Grâce à sa renommée acquise pour le meilleur avec ''La Isola di Niente'' avec une tournée nord-américaine à la clé et pour le pire avec son deuxième album traduit en anglais, ''The World Became The World'', la production de Premiata Forneria Marconi passe d'îles insignifiantes à des états unis. Cependant, ce serait une erreur de considérer ''Chocolate Kings'' comme un instrument de conquête du marché américain.
Le groupe a fait appel à un soliste fixe, en la personne de Bernardo Lanzetti (Acqua Fragile) qui va mettre son organe au service de la langue anglaise. Son chant théâtral, souvent comparé à celui de Peter Gabriel, mais dont les vocalises particulières rappellent celles de Roger Chapman (Family), pourrait apparaître comme une régression pour un groupe qui a toujours cherché à se démarquer de ses modèles. A l'écoute de la chanson éponyme, on pourrait penser que PFM a changé. Ce morceau reflète une politique de concision, se reposant sur des rythmiques plus agressives épaulées par le chant extraverti de Bernardo Lanzetti et le violon de Mauro Pagani, qui cosigne le morceau.

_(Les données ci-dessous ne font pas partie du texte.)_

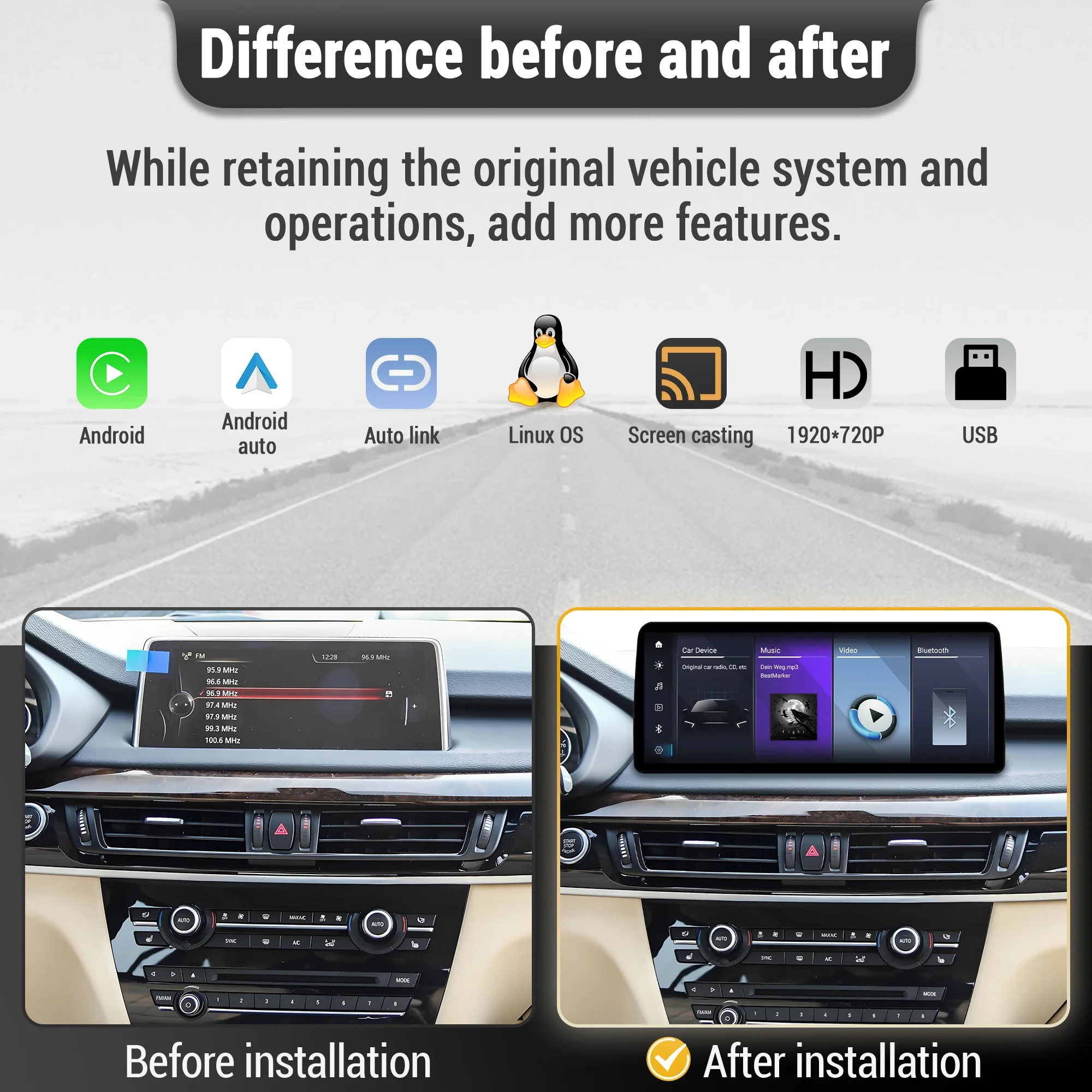 Linux Multimedia Head Unit Screen System Car Radio For BMW X5 F15 X6 F16 2014-2018 Wireless Bluetooth Carplay Navigation Screen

Exercice de séduction ? Si la pochette fait référence aux tablettes de chocolat distribuées par les GI pendant la libération de l'Italie en 1945, la pochette intérieure montre le paquet aux couleurs américaines chiffonné pour être jeté à la poubelle... La chanson fait montre d'un anti-américanisme virulent, pointant du doigt les bonnes intentions premières transformées en mondialisme sauvage, mais finalement incapable de survivre à sa propre indigestion (la version européenne parodie ''Sept ans de solitude'' de Billy Wilder en dévoilant la ''Big Fat Mamma' des paroles, une Marilyn Monroe obèse fumant une cigarette).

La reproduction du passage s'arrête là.